═════ Dataset extract ═════

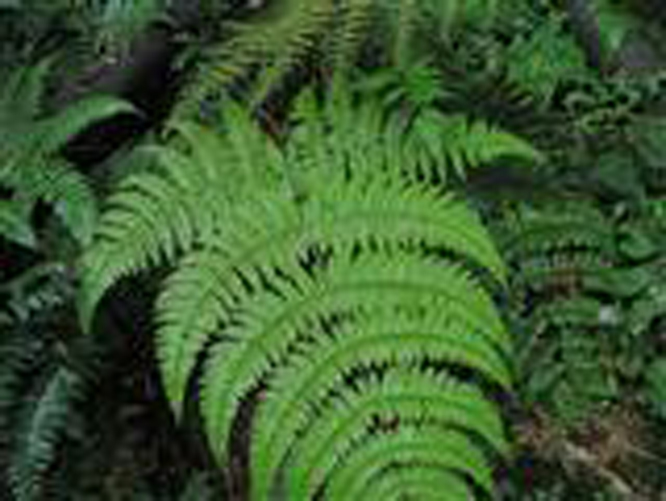  p data-id="gn8428vlih">细裂鱼鳞蕨( i>dryopteris wusugongii /i>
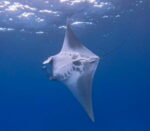 Giant manta ray thrills Cayman divers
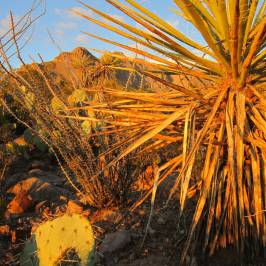 Oliver Lee Memorial State Park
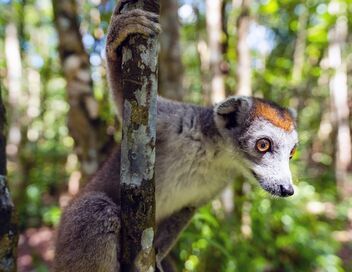 Madagascar, terre d'espoir et de contrastes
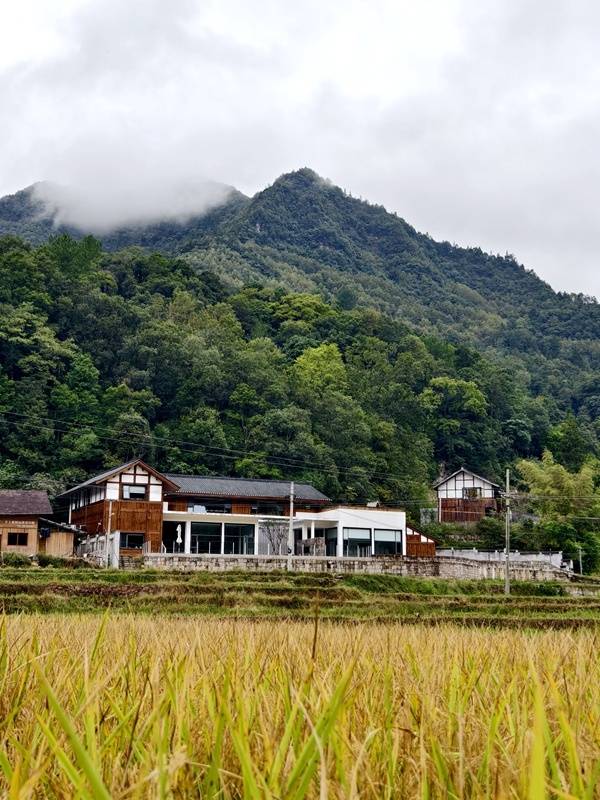 推窗见梯田<strong></p>
<p>fil价格</strong>！梧桐山民宿：把日子过成诗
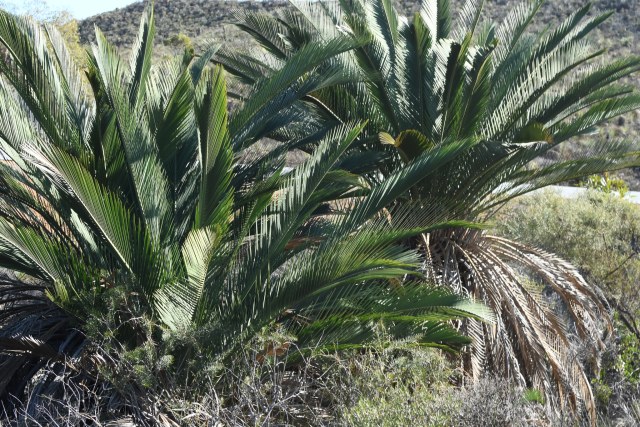 Em Lamond, photo 3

═════

What you will do: Retype all the data exactly; skip the pictures.

Reply:
  p data-id="gn8428vlih">细裂鱼鳞蕨( i>dryopteris wusugongii /i>
 Giant manta ray thrills Cayman divers
 Oliver Lee Memorial State Park
 Madagascar, terre d'espoir et de contrastes
 推窗见梯田<strong></p>
<p>fil价格</strong>！梧桐山民宿：把日子过成诗
 Em Lamond, photo 3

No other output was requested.